Proyek ”desakralisasi Al-Quran” memang termasuk salah satu tema pokok dalam liberalisasi Islam. Mengikuti tradisi kajian Al-Quran model orientalis, sejumlah pemikir liberal tampak berusaha keras meyakinkan kaum Muslim, bahwa Al-Quran bukanlah sebuah kitab suci, tetapi kitab yang dianggap suci.
Ada yang berusaha keras menulis artikel untuk membuat kaum Muslimin ragu-ragu terhadap kebenaran dan keotentikan Al-Quran.
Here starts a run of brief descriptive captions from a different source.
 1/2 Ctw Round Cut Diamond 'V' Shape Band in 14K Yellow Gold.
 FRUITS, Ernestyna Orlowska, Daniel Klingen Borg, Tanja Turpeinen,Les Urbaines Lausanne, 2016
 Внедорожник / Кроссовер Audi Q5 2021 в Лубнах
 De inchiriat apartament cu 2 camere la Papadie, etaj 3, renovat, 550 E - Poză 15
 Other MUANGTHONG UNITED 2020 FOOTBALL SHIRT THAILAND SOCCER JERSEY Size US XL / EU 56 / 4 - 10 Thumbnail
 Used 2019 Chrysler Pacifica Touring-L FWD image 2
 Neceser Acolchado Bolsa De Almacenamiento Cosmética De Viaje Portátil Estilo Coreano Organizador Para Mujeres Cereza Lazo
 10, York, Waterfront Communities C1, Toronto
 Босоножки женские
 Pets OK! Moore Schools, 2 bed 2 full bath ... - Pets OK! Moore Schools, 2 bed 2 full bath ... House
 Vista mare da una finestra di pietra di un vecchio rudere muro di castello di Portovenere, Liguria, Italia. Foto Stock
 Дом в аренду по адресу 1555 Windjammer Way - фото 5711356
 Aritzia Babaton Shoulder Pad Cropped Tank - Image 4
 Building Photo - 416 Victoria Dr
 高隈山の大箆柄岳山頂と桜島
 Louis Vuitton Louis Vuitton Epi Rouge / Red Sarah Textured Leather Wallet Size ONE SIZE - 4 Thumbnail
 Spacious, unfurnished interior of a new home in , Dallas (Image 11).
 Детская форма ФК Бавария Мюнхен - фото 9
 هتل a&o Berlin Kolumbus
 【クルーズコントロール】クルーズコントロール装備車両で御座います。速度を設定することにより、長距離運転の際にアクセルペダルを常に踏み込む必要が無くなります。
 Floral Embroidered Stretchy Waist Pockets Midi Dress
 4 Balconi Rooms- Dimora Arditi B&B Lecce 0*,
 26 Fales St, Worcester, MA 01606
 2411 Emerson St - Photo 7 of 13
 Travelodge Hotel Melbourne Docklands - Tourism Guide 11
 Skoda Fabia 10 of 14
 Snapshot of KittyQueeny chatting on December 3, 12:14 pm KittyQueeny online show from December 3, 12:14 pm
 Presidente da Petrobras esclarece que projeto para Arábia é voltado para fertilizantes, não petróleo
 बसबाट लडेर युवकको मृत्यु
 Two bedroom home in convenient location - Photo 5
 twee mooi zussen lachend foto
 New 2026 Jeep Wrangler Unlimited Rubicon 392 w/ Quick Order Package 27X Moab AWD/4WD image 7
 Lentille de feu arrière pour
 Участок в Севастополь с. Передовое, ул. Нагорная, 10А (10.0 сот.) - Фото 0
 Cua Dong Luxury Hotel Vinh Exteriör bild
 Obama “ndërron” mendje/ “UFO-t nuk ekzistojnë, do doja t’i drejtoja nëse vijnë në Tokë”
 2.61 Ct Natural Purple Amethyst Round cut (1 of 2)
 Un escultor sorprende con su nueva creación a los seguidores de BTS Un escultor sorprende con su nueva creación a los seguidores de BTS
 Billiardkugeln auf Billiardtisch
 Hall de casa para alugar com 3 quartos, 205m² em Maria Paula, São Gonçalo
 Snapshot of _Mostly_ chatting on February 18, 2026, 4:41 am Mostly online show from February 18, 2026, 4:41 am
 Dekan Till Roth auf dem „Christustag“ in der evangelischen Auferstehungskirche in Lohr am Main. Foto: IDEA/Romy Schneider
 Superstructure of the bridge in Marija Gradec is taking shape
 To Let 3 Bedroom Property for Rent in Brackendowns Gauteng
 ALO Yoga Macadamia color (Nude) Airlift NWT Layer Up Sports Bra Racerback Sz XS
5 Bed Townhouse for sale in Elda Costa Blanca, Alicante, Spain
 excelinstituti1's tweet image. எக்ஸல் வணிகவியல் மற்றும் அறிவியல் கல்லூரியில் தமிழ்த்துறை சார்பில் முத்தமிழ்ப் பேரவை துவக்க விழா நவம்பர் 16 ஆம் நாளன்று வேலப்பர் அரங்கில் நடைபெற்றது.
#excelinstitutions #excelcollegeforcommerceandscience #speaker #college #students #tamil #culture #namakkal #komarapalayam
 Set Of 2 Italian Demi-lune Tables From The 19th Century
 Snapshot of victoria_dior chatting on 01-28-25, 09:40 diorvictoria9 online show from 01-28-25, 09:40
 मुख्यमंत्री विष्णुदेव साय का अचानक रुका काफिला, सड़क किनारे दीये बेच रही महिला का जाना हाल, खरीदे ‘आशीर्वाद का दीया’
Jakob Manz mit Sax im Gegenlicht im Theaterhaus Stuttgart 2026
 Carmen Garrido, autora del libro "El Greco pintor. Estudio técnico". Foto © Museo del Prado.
Dia mencoba meyakinkan, bahwa Al-Quran adalah kitab biasa-biasa saja, yang juga mengandung kesalahan secara tata bahasa.
Termasuk terjemahan bahasa Indonesia yang miskin sehingga harus diterjemah ulang sampai menganggap bahwa Al Quran adalah sumber radikalisme dalam Islam. Astagfirullah. Tentu saja, pekerjaan semacam ini akan sia-sia saja. Meskipun si penulis mendapatkan imbalan tertentu di dunia.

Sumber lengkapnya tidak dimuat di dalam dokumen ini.